Albert Sabin é o cientista símbolo de saúde pública e dá nome a vias do litoral

Criador da vacina oral contra a poliomielite, pesquisador é lembrado em cidades brasileiras enquanto seu legado segue como referência mundial na medicina

14/04/2026 - terça às 14h38

O nome de Albert Sabin atravessa gerações - não apenas nos livros de medicina, mas também na geografia urbana de cidades brasileiras, inclusive no litoral paulista, onde ruas e avenidas perpetuam sua memória.

Responsável pelo desenvolvimento da vacina oral contra a poliomielite, conhecida como a “gotinha”, Sabin foi um dos principais protagonistas na luta contra uma das doenças mais temidas do século XX. Antes da vacinação em massa, a poliomielite causava surtos recorrentes, deixando milhares de crianças com sequelas permanentes e levando muitas à morte.

O avanço científico não foi isolado. Ele fez parte de uma corrida global contra a doença, que também contou com a atuação do médico Jonas Salk, criador da primeira vacina injetável contra a pólio. Sobre o papel da ciência nesse contexto, Salk destacou:

“A esperança está no sonho, na imaginação e na coragem daqueles que ousam transformar sonhos em realidade.”

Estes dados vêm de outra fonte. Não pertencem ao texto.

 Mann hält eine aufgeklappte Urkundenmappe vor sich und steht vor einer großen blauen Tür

A fala se tornou símbolo de uma geração de cientistas que, com abordagens diferentes, ajudaram a mudar o rumo da doença no mundo.

O impacto do trabalho de Sabin foi tão profundo que passou a ser reconhecido por instituições internacionais. A Organização Mundial da Saúde considera a vacinação em massa uma das estratégias mais eficazes da história da saúde pública, responsável por reduzir drasticamente os casos de poliomielite em nível global.

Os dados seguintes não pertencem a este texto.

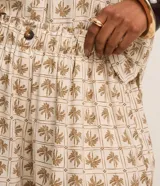 Short femenino modelo runner confeccionado en viscolino con cintura elástica, botón delantero, bolsillos y estampa de palmeras.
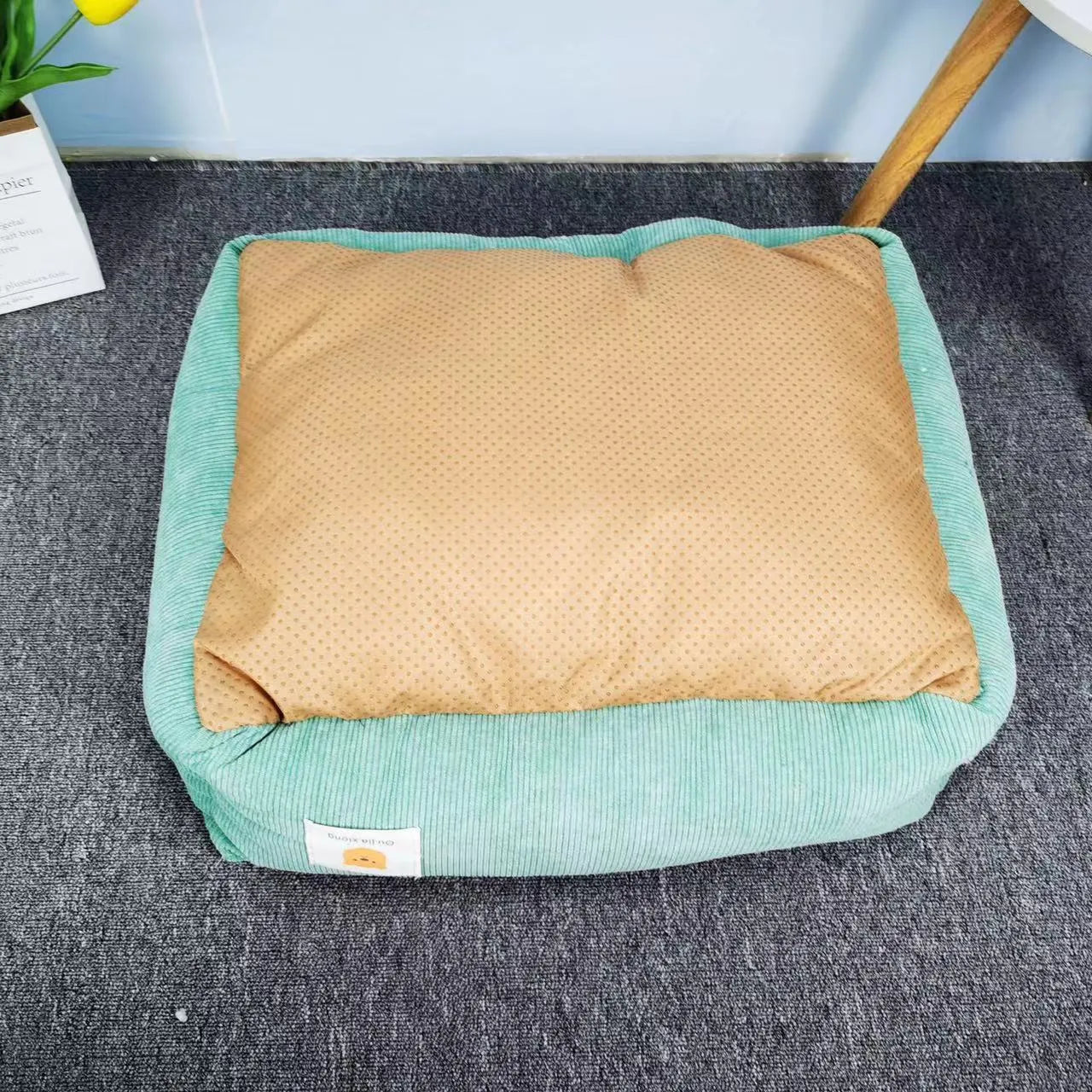 Light blue fine velvet pet nest for dogs and cats with PP cotton filling, shown in 50x40cm size.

Décadas depois, o tema ainda mobiliza lideranças mundiais. O empresário e filantropo Bill Gates, envolvido em campanhas de erradicação da doença, reforçou a importância desse legado ao afirmar:

“Estamos mais perto do que nunca de erradicar a pólio, graças às ferramentas que já temos.”

Outro nome importante na história da imunização, o virologista Hilary Koprowski, também destacou o caráter humano da corrida científica contra a doença:

“A corrida contra a pólio nunca foi apenas científica — era uma corrida contra o sofrimento humano.”

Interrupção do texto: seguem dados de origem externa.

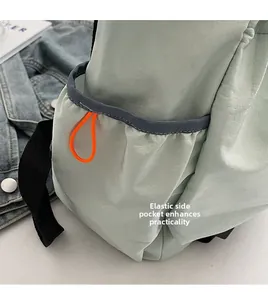Detail of mint green outdoor backpack with elastic side pocket and orange cord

Além da relevância científica, Sabin também ficou marcado por uma decisão incomum: ele optou por não patentear sua vacina, permitindo que fosse distribuída amplamente, especialmente em países em desenvolvimento. Esse gesto contribuiu diretamente para campanhas de imunização em larga escala, como as realizadas no Brasil.

O país, aliás, se tornou um dos maiores exemplos de sucesso no combate à poliomielite. O último caso registrado em território nacional ocorreu em 1989, resultado direto de campanhas massivas de vacinação.

Como forma de reconhecimento, o nome de Albert Sabin foi incorporado ao cotidiano das cidades. No litoral paulista, é comum encontrar ruas, avenidas, escolas e unidades de saúde que levam seu nome - uma homenagem silenciosa, mas constante, ao cientista que ajudou a salvar milhões de vidas.

Mais do que uma referência histórica, essas homenagens representam uma conquista coletiva da humanidade. Cada placa com o nome de Sabin carrega consigo a memória de um tempo em que a ciência foi capaz de vencer uma das maiores ameaças à saúde pública global.